_WORK TO BE COMPLETED_
Reproduce, from the lines below, exactly the stretch that begins at the line containing "Le proteste per" and ends at the line containing "Ak Cercottes Loiret, Le", both included.

_SUPPLIED MATERIAL_
———
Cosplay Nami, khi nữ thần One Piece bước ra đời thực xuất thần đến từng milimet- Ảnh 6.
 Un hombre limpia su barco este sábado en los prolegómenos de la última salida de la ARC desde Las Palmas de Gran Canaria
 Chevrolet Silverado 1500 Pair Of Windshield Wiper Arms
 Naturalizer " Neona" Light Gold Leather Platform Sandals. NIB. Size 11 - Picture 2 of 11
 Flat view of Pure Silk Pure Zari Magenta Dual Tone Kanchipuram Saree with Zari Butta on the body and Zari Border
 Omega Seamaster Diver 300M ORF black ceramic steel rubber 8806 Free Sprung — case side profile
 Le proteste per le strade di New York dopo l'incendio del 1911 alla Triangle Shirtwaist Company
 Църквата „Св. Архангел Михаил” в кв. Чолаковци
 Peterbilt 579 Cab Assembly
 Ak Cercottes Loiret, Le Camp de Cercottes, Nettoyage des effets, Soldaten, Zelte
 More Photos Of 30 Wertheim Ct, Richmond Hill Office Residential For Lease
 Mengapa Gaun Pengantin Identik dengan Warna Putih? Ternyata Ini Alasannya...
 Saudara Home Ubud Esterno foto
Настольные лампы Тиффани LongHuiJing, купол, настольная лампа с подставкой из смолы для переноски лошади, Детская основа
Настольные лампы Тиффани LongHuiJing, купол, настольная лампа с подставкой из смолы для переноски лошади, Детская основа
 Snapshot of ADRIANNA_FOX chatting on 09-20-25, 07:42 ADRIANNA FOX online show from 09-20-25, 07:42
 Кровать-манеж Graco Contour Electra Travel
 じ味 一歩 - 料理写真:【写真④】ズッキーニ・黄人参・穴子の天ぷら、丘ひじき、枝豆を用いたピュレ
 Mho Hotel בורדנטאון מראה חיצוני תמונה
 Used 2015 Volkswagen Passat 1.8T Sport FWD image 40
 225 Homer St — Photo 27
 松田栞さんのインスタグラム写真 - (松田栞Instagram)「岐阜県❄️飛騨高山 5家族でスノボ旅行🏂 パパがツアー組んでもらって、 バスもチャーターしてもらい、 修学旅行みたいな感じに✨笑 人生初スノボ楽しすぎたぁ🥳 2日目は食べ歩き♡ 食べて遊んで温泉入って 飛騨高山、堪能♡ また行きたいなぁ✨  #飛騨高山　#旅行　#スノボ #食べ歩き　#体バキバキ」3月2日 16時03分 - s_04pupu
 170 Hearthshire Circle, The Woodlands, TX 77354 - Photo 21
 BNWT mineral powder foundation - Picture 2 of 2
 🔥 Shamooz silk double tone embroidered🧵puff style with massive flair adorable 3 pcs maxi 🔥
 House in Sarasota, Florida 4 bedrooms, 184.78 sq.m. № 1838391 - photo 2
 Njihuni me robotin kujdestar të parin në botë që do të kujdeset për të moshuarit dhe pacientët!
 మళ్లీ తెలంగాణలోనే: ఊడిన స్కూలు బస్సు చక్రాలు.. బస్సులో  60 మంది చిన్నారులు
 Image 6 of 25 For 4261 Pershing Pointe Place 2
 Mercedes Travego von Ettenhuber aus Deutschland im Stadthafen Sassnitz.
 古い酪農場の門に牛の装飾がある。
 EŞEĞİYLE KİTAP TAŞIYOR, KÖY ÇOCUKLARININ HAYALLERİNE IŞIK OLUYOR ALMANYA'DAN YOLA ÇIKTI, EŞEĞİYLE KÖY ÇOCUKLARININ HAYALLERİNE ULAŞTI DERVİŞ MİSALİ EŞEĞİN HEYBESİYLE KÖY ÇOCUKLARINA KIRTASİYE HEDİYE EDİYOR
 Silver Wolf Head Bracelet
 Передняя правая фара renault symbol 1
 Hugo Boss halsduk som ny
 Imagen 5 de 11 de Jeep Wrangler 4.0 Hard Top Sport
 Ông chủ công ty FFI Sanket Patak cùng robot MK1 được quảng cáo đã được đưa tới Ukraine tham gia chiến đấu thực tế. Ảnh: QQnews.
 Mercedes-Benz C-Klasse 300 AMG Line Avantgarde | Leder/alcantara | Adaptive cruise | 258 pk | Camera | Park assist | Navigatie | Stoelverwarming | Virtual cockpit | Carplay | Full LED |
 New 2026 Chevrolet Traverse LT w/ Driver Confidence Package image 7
———
_ANSWER TO THE PROBLEM_
 Le proteste per le strade di New York dopo l'incendio del 1911 alla Triangle Shirtwaist Company
 Църквата „Св. Архангел Михаил” в кв. Чолаковци
 Peterbilt 579 Cab Assembly
 Ak Cercottes Loiret, Le Camp de Cercottes, Nettoyage des effets, Soldaten, Zelte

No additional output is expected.